Watching "Drag Me To Hell" again I am struck at how thoroughly it works as a portrait of a woman - Christine (Alison Lohman) - apparently traumatised by an eating disorder and self-esteem issues (first review here), . This, of course, is manifest in her delusion that she is being gypsy-cursed and hounded down by a Lamia demon; a delusion compounded by her unfortunate trust in a bunch of con-men mediums and experts in the occult. She wants to be free from mouth-fixated demons and they want her cash.
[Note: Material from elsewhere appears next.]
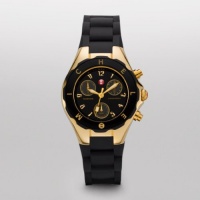 Michele Woman's MWW12D000012 Tahitian Jelly Bean Gold Plate Black Watch Michele Woman's MWW12D000012 Tahitian Jelly Bean Gold Plate Black Watch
With a second viewing, it becomes apparent that the Raimi's know exactly what they are doing, because all the clues and cues are there - how the demon appears at stressful moments when reflecting on how she used to be overweight or confronting food; the many down-the-throat violations also tell us a story. Indeed, the banquet of continuity and logic issues make total sense, and only sense, when in the context of Christine's delusions.
And, which I missed the first time, the subtle clues that her boyfriend especially knows that she has mental health issues. "She needs help," he says when her mother says that Christine is sick. Upon a first watch, I thought the fact that boyfriend's mum comments that Christine is sick was just an indication of her bitchiness, but second viewing seems to hint that, well, she knows something, and so does her son and that's why she doesn't approve of their relationship and it's not all about class.
That the film situates the manifestations in Christine's latent and not-so-latent prejudices and class anxieties is also thorough and pretty bold. She's not exactly likeable, but she's in trouble; she is not particulary deep, but she feels real enough. Particular note has to be made of Lohman's performance too and, as ever, the effects work is exemplary.
My initial review shows how I started off a little lukewarm, but coming back to "Drag Me To Hell" reveals that this may be the cleverest Raimi film so far. It is like a Jacques Tournier/Val Lewton film made by Looney Tunes. I can take or leave the slapstick violence, as incidentally enjoyable as it may be, but as a comedy-horror about failing mental health, this has the weight of subtext that truly elevates horror, and shows what horror can do like no other genre. Here's the cliche: demons of the mind. It also means that "Drag Me To Hell" is bona fide tragedy, and for that I like it more than ever.
People call it a classic, but I am no longer about to quibble that so easily, although my reasons may differ.